§ PROBLEM REQUIREMENTS
All the lines below need retyping exactly, apart from the images.

§ DATASET CONTENT

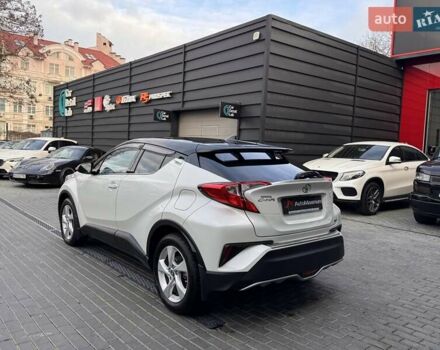 Белый Тойота C-HR, объемом двигателя 1.2 л и пробегом 168 тыс. км за 16900 $, фото 4 на Automoto.ua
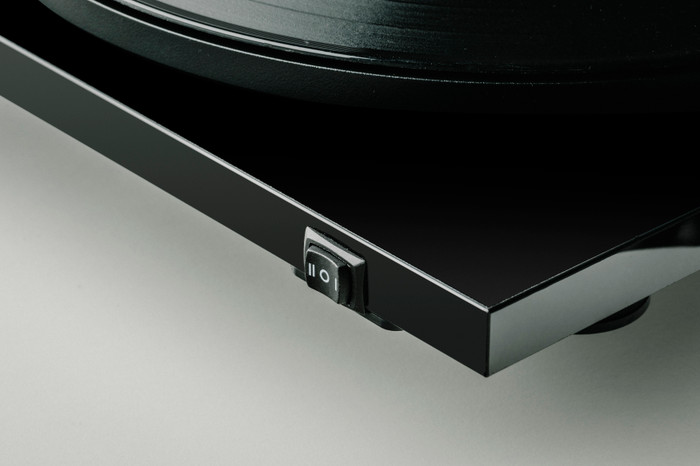 Pro-Ject E1.2 Black product in use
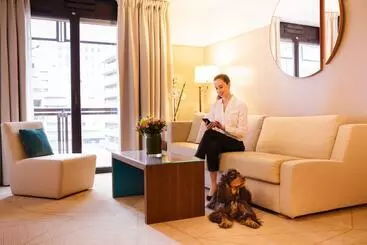 ホテル Fraser Suites Paris La Défense
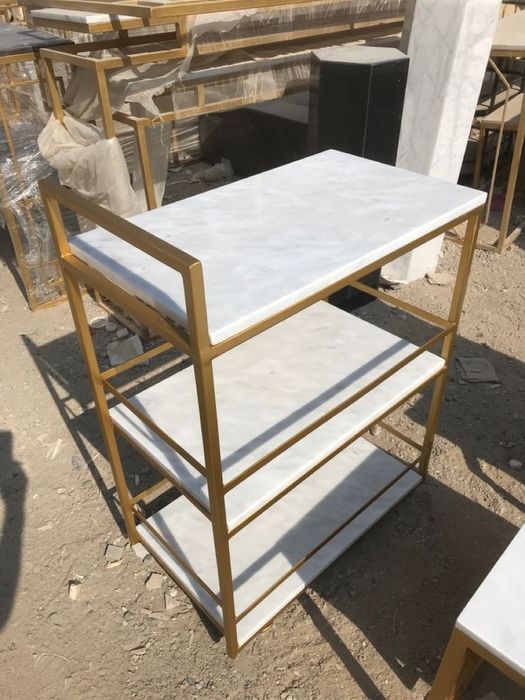 “Luxury Gold” услубидаги стеллаж — олтин рама қора ва оқ рангда!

§ RESPONSE FOR THIS EXERCISE
 Белый Тойота C-HR, объемом двигателя 1.2 л и пробегом 168 тыс. км за 16900 $, фото 4 на Automoto.ua
 Pro-Ject E1.2 Black product in use
 ホテル Fraser Suites Paris La Défense
 “Luxury Gold” услубидаги стеллаж — олтин рама қора ва оқ рангда!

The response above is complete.